Quando terminei de escutar a discografia dela, só pensei em palavras como: afiada, autêntica e fod*. Em um cenário global do rap aquecido pelas rivalidades do game e reivindicações de grandes samples em produções elevadas, a rapper Doechii veio na contramão das principais tendências mercadológicas e lançou um dos – indiscutivelmente – melhores álbuns do gênero de 2024.
Aliás, a autenticidade de Doechi não é de agora. A rapper começou na música em 2016, publicando faixas no Soundcloud. Em 2020 ela lançou o primeiro EP “Oh The Places You’ll Go", onde misturou rap, dance, house e hip hop – gêneros que veio se aprofundar nos anos seguintes de carreira. Quando lançou “Crazy”, em 2022, a potência artística dela ficou clara ao público. Não há limites quando se trata de criatividade.
E de artistas que não se limitam quando se trata de arte, ela me lembra muito os primeiros anos de carreira de Nicki Minaj – que, durante uma época, recusou todas as ‘caixinhas’ impostas pela indústria.
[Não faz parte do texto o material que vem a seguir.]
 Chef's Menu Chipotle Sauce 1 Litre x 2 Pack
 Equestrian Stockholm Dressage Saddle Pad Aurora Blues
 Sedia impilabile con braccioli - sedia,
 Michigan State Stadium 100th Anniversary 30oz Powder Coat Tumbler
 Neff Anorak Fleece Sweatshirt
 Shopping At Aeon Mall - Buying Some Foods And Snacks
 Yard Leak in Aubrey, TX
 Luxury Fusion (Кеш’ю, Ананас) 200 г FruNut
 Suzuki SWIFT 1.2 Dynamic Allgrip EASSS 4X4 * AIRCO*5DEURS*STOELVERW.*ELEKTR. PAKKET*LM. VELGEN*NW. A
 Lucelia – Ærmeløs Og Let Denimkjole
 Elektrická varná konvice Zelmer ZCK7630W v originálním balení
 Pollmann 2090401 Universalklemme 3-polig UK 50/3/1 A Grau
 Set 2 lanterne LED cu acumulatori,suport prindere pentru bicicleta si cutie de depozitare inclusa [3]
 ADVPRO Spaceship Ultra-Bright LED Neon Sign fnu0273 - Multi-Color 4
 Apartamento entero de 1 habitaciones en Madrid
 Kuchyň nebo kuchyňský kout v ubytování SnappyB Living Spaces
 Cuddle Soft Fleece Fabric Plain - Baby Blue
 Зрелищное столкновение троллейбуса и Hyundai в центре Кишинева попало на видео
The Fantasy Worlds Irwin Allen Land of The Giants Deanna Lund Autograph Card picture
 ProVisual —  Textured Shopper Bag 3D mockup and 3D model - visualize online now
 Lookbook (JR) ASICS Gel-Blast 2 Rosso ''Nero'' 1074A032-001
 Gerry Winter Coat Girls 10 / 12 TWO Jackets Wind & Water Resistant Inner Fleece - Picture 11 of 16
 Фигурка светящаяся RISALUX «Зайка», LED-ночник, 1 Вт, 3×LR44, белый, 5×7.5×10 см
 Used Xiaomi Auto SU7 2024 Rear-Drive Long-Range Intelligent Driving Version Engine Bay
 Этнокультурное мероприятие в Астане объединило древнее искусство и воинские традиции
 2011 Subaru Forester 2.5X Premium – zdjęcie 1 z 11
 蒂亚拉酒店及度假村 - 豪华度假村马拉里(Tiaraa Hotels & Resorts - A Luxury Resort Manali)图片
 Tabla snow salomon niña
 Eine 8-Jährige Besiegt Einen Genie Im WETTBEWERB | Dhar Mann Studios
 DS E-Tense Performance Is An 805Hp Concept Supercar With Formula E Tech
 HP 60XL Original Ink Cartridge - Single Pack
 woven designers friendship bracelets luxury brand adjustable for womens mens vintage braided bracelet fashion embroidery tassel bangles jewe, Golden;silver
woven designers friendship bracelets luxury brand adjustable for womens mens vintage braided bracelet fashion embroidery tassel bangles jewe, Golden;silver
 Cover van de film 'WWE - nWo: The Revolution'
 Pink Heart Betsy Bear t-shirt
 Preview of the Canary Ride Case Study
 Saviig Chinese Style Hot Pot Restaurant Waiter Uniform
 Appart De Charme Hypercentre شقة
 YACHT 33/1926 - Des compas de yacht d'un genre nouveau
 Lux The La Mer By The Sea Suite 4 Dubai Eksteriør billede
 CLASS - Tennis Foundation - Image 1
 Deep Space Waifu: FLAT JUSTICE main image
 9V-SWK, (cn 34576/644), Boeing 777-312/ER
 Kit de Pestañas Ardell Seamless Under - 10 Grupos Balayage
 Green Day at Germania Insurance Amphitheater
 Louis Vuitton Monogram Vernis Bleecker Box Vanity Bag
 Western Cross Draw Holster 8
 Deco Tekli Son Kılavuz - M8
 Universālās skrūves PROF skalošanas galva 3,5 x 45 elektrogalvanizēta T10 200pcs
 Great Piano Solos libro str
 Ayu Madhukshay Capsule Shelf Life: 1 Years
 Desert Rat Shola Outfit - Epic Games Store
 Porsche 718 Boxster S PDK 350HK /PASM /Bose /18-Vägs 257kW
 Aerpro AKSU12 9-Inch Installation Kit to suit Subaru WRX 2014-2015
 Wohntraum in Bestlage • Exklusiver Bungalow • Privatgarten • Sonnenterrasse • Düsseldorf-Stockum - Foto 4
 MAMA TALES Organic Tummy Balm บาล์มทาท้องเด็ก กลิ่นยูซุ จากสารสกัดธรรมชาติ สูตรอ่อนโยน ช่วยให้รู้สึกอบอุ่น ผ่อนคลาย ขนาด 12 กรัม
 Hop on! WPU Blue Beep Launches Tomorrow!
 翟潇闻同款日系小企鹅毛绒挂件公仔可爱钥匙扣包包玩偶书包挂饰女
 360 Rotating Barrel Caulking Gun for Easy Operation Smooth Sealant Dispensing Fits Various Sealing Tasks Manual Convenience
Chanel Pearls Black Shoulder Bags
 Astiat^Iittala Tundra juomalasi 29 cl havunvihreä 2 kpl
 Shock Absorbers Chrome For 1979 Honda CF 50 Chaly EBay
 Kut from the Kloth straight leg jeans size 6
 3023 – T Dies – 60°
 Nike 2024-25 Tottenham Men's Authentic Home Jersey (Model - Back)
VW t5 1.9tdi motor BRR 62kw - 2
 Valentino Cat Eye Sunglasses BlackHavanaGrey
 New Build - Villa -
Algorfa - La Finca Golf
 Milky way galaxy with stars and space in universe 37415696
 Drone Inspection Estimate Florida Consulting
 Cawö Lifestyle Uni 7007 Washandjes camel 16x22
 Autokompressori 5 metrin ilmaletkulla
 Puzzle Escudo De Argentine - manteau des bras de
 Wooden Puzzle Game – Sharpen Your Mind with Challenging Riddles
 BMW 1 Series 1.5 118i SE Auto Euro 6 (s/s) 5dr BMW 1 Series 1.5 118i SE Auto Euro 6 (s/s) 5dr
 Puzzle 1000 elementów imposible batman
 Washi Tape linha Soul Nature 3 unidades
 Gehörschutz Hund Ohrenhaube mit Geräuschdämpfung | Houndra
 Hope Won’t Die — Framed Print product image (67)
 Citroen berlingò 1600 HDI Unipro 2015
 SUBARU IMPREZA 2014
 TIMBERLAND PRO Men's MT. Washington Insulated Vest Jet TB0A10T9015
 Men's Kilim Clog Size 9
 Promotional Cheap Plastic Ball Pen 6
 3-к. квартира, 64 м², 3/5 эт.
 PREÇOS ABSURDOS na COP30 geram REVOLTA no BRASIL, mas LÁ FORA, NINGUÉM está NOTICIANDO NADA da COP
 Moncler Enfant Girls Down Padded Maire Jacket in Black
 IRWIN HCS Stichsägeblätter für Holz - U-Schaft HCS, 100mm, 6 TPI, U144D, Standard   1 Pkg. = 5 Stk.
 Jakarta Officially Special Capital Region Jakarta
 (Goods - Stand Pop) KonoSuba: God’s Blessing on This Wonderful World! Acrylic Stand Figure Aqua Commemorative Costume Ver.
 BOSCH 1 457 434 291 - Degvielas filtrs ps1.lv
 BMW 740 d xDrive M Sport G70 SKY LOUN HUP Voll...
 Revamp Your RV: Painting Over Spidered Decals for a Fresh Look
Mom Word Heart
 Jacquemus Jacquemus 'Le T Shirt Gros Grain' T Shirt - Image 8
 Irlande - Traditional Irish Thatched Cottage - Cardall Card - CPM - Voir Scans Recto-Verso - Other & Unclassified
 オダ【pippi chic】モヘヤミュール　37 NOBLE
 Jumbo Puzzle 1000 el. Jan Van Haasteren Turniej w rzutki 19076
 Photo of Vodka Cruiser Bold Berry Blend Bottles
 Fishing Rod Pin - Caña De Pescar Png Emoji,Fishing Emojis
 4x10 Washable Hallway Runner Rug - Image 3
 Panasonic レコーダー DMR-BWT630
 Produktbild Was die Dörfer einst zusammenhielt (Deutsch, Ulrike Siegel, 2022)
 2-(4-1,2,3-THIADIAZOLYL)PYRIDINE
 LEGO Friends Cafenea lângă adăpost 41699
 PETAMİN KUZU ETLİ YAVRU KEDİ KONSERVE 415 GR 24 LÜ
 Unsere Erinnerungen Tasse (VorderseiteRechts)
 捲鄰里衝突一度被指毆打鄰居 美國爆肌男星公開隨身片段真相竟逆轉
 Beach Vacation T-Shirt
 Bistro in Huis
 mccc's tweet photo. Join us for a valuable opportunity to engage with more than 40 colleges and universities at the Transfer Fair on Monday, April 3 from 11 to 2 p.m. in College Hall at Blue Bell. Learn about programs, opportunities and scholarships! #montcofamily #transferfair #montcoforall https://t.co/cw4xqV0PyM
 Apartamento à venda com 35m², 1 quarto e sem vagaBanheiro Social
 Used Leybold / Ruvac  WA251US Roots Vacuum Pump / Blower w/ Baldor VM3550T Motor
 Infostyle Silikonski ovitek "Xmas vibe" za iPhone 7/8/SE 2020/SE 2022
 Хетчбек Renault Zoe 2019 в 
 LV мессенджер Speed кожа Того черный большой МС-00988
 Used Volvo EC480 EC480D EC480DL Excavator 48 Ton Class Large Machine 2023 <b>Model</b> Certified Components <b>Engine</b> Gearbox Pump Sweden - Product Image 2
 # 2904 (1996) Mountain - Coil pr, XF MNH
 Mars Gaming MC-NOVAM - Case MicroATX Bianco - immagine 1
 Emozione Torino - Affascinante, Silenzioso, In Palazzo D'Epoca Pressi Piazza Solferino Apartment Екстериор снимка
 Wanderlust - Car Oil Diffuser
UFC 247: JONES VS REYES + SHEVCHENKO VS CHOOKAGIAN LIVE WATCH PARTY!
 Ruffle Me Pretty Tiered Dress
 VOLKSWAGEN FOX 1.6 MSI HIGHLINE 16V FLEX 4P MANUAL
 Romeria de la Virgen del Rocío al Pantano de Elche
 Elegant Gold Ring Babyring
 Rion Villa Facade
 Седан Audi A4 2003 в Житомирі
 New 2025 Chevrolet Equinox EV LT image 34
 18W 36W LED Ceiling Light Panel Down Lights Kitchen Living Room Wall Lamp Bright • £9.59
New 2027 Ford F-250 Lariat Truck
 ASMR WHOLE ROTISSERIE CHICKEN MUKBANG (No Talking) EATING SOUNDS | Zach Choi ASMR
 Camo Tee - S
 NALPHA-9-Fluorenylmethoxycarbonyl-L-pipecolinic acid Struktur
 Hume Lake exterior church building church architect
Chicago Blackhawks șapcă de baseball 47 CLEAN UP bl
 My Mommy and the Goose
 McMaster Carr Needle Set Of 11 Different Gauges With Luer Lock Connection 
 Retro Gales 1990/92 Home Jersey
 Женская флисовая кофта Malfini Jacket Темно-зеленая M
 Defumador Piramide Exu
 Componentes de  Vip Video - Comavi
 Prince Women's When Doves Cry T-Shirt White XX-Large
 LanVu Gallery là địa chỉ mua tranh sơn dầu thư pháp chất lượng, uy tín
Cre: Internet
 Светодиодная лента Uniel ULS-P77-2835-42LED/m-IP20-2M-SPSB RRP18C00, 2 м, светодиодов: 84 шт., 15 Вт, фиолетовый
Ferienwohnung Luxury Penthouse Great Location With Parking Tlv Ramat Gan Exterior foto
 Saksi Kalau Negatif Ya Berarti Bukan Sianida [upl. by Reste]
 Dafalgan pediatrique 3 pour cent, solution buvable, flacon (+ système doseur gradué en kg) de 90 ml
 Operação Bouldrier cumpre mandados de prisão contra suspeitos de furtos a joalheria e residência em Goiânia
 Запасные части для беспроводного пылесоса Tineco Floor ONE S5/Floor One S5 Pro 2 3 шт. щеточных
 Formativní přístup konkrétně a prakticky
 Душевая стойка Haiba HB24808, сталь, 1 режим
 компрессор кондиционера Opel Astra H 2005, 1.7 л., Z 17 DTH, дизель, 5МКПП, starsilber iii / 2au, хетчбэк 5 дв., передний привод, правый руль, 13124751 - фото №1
Embora haja fórmulas de se fazer um rap de sucesso como também há para receitas de bolo, Doechii recusa seguir nada que seja além de sua verdade. Um aprendizado que talvez tenha tido de Doja Cat, artista para quem abriu a turnê na ‘Scarlet Tour’ (2023), e que cantou exaustivamente o hit global pop ‘Say So’ por uma suposta pressão da gravadora.

Recentemente, a rapper se apresentou no Tiny Desk Concert , um programa de música voltado a apresentações intimistas. Com uma banda negra, Doechii cantou faixas da mixtape, além de relembrar o início da carreira. Sendo sincera, acredito que tenha sido um dos melhores “Tiny Desk” que eu assisti, além de que ela é extremamente bonita e performática (que isso? um filme?).
Ainda na mesma semana, a artista também se apresentou no The Late Show With Stephen Colbert, onde construiu uma performance repleta de simbolismos que celebram sua negritude feminina ao hip hop.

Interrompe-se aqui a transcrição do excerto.